Your best bet is to follow this process:
- organize the pieces of wood without gluing FIRST so that you understand how the bench goes together;
- begin at one end of your bench and start assembling with the Liquid Nails, using the clamps as placeholders as you go along;
- continue add Liquid Nails, wood, and increase the size of your box clamps until the bench is fully assembled
It’s seriously way easier than it sounds – and doesn’t take long to do once you get into your rhythm!
Step Five: Once your bench is full assembled as shown, keep it clamped and let it dry overnight. You’ll see that some of the edges aren’t even, but we’re going to remedy that!
Step Six: Undo the clamps and sand with the belt sander to get everything even. Don’t forget to sand with the grain! Sand until it’s completely smooth and flat. Do this on the legs, too. Then wipe away all of the sanding dust.

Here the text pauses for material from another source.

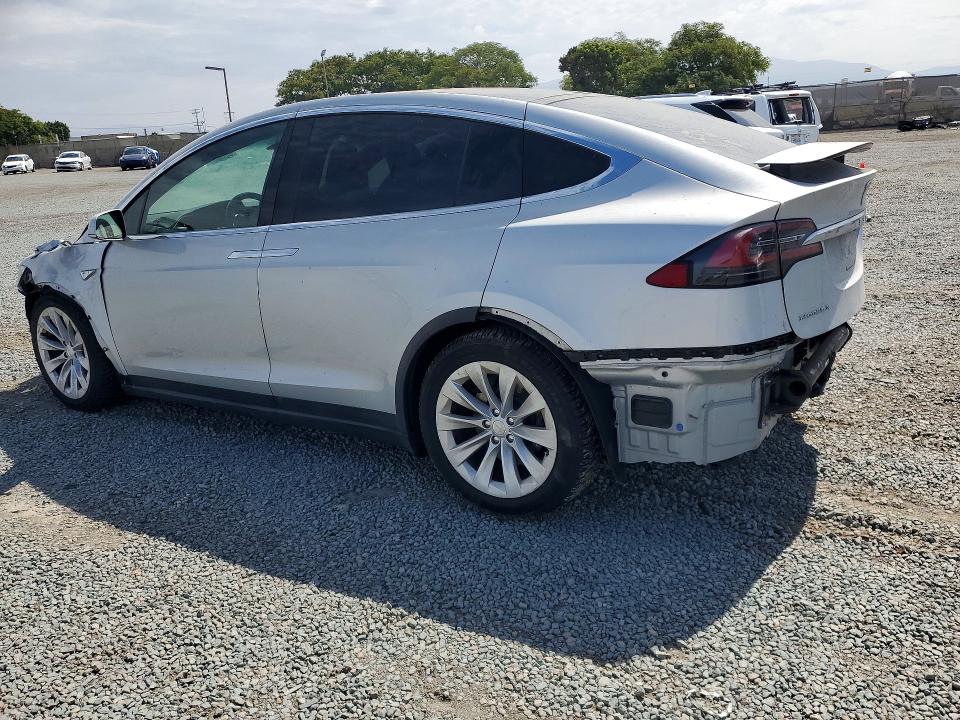 Photo 2 from auction – 2016 TESLA MODEL X with VIN 5YJXCAE24GF019426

If your bench needs quite a bit of even-ing out, start with the 80-grit and finish with the 120-grit.
Step Seven: Use your stain to paint your bench. Applying stain is relatively easy. You can use a brush, paint it on, then wipe it off. You can read the instructions on your container to make sure you are following the process for that particular stain. Some people even apply stain with a rag and then wipe it off with a second rag to get a look they like.
Note: Steve used two coats of stain and the stain lifted the grain of the wood slightly so that it doesn’t feel 100% smooth as it did right after sanding. To prevent this, you’ll probably want to apply a coat of stain, then sand with 120-grit, then stain again.
Our stain was outdoor stain AND sealer, and our project is currently under a porch covering (though it is exposed to the elements). Depending on how much your bench will see sunlight and rain, you’ll likely want to make the final project a little tougher with some hard core polyurethane.
Step Eight: This step is completely optional. Our bench is sitting near ground and with the amount of bugs we have in the south, we wanted it a little raised up off of the ground.
Steve purchased furniture feet, drilled holes in the legs, then inserted. It’s very easy.
And that’s it!
Your outdoor bench is done. And it pretty much looks amazing.
We already had a rain here so I also wanted to show you how well the stain works – the water just pools on top and comes right off . . . no soaking into the wood!
So let’s review: $35 in supplies, easy to cut, easy to assemble, no nails or screws required.